Tibet Raised and Debated in UN General Assembly for First Time Since 1965
[International Campaign for Tibet (ICT) Satement of UN Vote. February 8, 2002.]
United Nations, NY - The accreditation of a Tibetan NGO to a UN conference became the focus of full General Assembly vote in New York today for the first time since 1965. China objected to the UN's recommendation of accrediting the International Campaign for Tibet, but the matter went for a General Assembly vote when the European Union refused to go along with China's objection.
Out of 189 potential voting nations, 93 voted against accrediting ICT, 44 voted for, 16 abstained and 40 did not vote or were not present. Pakistan and Cuba spoke up on behalf of China's motion. The EU was a aggressive advocate for ICT noting ICT's positive contribution to the UN's World Conference Against racism last year, to which it was accredited.

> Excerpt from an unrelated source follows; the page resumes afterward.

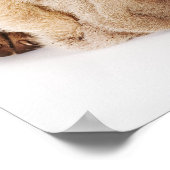 Twee Shar Pei-puppies slapen Poster (Hoek)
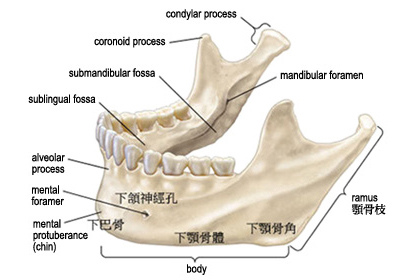 Mandible.jpg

"We are obviously disappointed that China prevailed on this vote but we are pleased that most of the world's major democracies voted for us or abstained," said Bhuchung Tsering, Director of ICT, who was at the UN for the vote. "We lost this vote but Tibet is squarely back on the international agenda and there to stay," said Tsering.

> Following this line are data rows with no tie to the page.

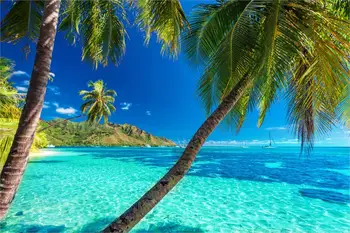 

Home decoration the sun tropical summer sea beach palms shore island paradise trees Silk Fabric Poster Print MM540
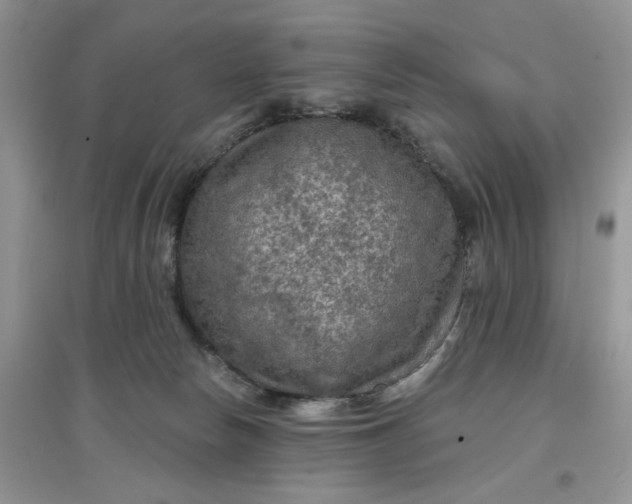 X0000097650178200803142118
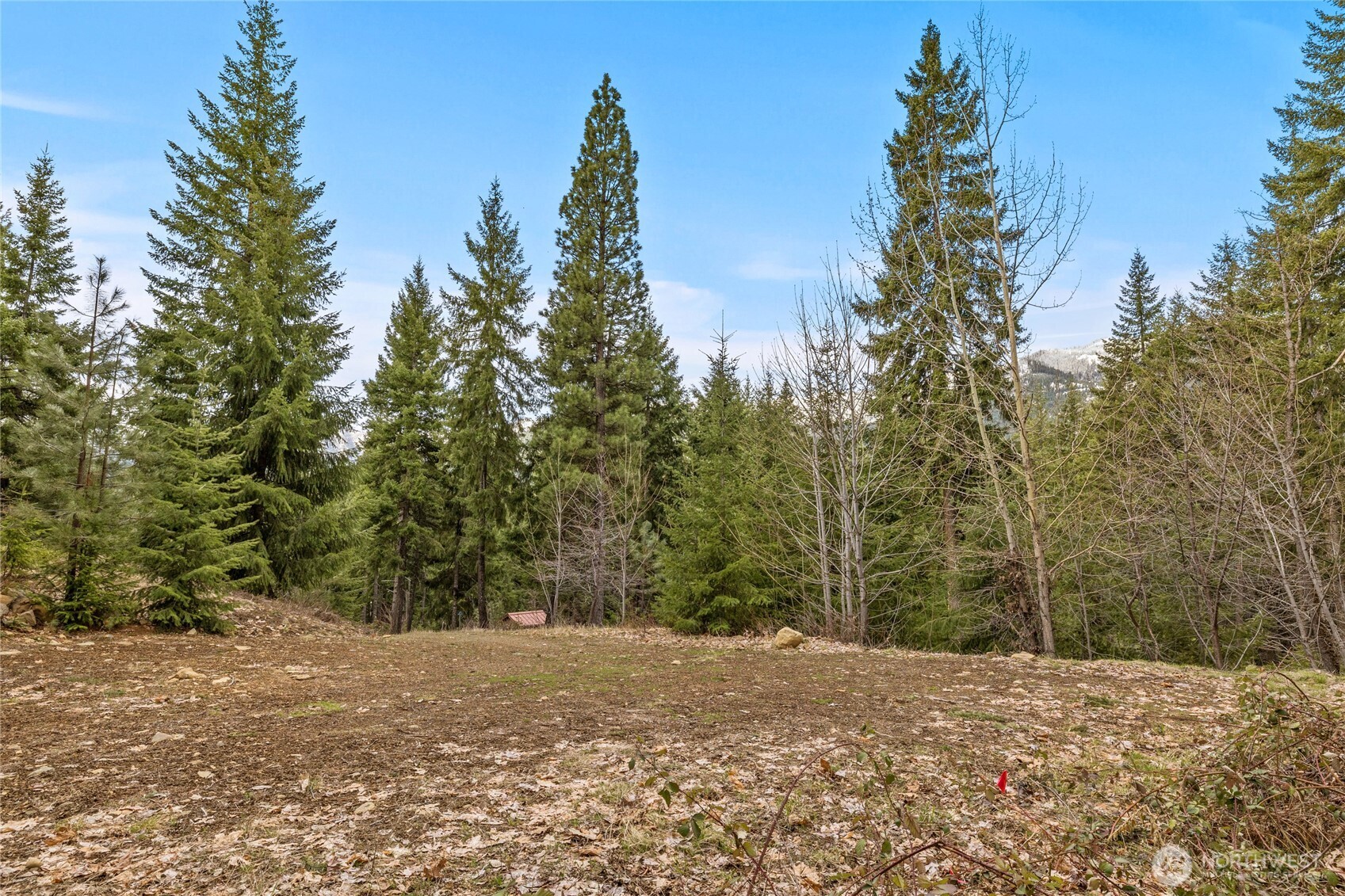33 Lakeside Court Ronald WA 98940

"Ironically, China itself raised the status of Tibet in the UN General Assembly to its highest level in decades and made the political status of Tibet the focus of the debate," Mr. Tsering continued.

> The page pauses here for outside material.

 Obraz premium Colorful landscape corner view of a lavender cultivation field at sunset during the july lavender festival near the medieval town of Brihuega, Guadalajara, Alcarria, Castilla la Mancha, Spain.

The vote also exemplifies China's growing influence at the United Nations and the incredible sensitivity of China towards the issue of Tibet. "Today's vote is less a reflection of lack of support for Tibet in the UN than a reflection of China's fierce and powerful lobbying force," said Tsering.
China's efforts to block ICT's accreditation avoided a discussion of ICT's qualifications regarding sustainable development in Tibet, and centered on political question of Tibetan independence, even though ICT does not take a stand of the question of independence.
"Though 'splitting Tibet from China' is nowhere in our mandate, the fact that 44 of the world's strongest and most influential democracies voted in support of an issue that China made about Tibetan independence, is encouraging," said John Ackerly, President of ICT.
"China has once again tried to deny a voice to the Tibetan people, but such repressive tactics will never subdue the desire of Tibetans to speak for themselves," said Tsering. "We want to thank all of freedom loving countries who believe that UN conferences should not exclude any people or NGOs who represent them," said Tsering.
Authoritarian countries around the world supported China, including Myanmar, Iraq, Sudan and others. India and Brazil abstained and virtually all of the newly-emerging democracies in eastern Europe voted for ICT's inclusion.
Representatives of ICT intend to go to the World Summit in partnership with other organizations to give voice to Tibetans and discuss sustainable development in Tibet.